*** Supplied data ***

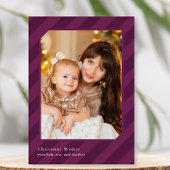 Cartes Pour Fêtes Annuelles Élégant Stripes De Noël Simplement Photo Élégante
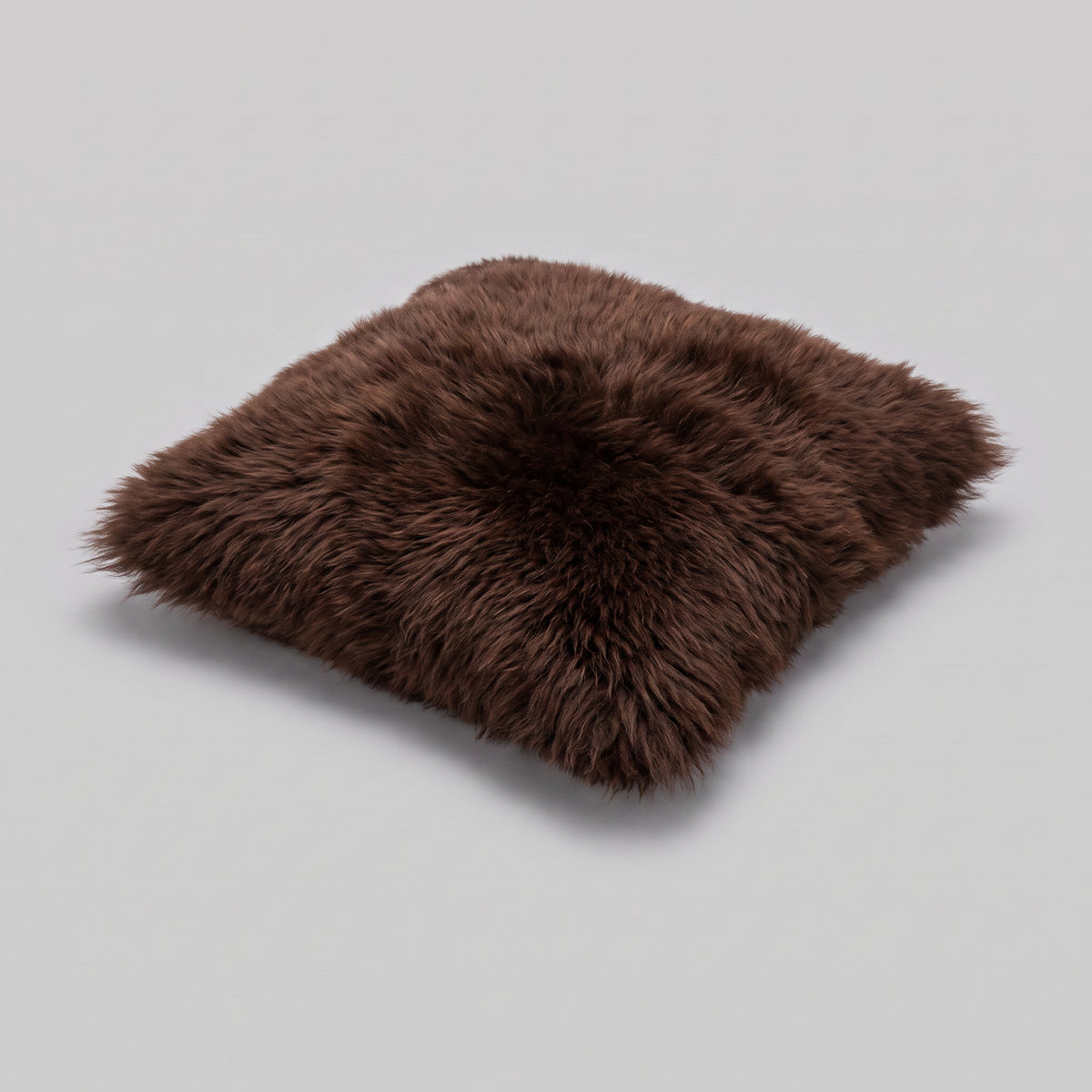 Double-Sided Sheepskin Cushion in Dark Chocolate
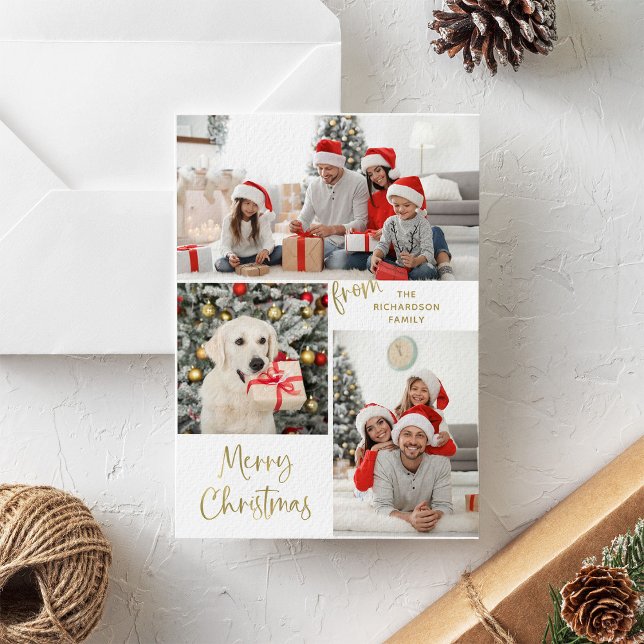 Three Photos and Modern Typography Merry Christmas Holiday Card (Creator Uploaded)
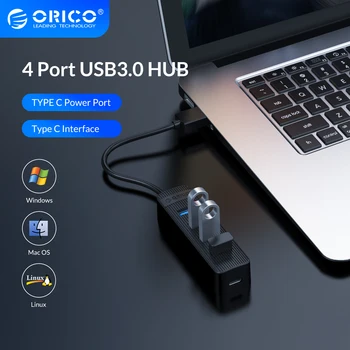 ORICO Típus C-4 /7ort USB 3.0 HUB C Típus tápfeszültség Port Laptop Számítógép Tartozékok USB-Elosztó Usb-C-Hub
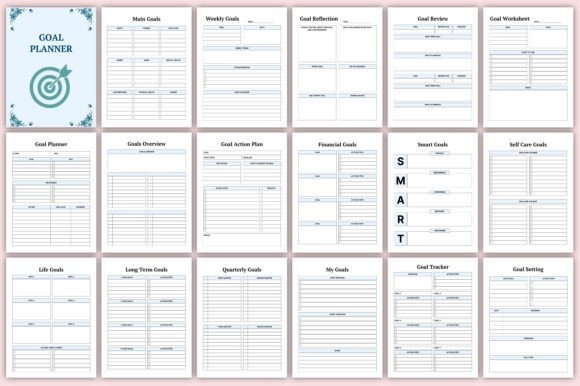 goal planner template with multiple pages including main goals, weekly goals, reflections, reviews, worksheets, financial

*** End of Supplied data ***

Hand back every line of the material, exactly, without the pictures.

 Cartes Pour Fêtes Annuelles Élégant Stripes De Noël Simplement Photo Élégante
 Double-Sided Sheepskin Cushion in Dark Chocolate
 Three Photos and Modern Typography Merry Christmas Holiday Card (Creator Uploaded)
 ORICO Típus C-4 /7ort USB 3.0 HUB C Típus tápfeszültség Port Laptop Számítógép Tartozékok USB-Elosztó Usb-C-Hub
 goal planner template with multiple pages including main goals, weekly goals, reflections, reviews, worksheets, financial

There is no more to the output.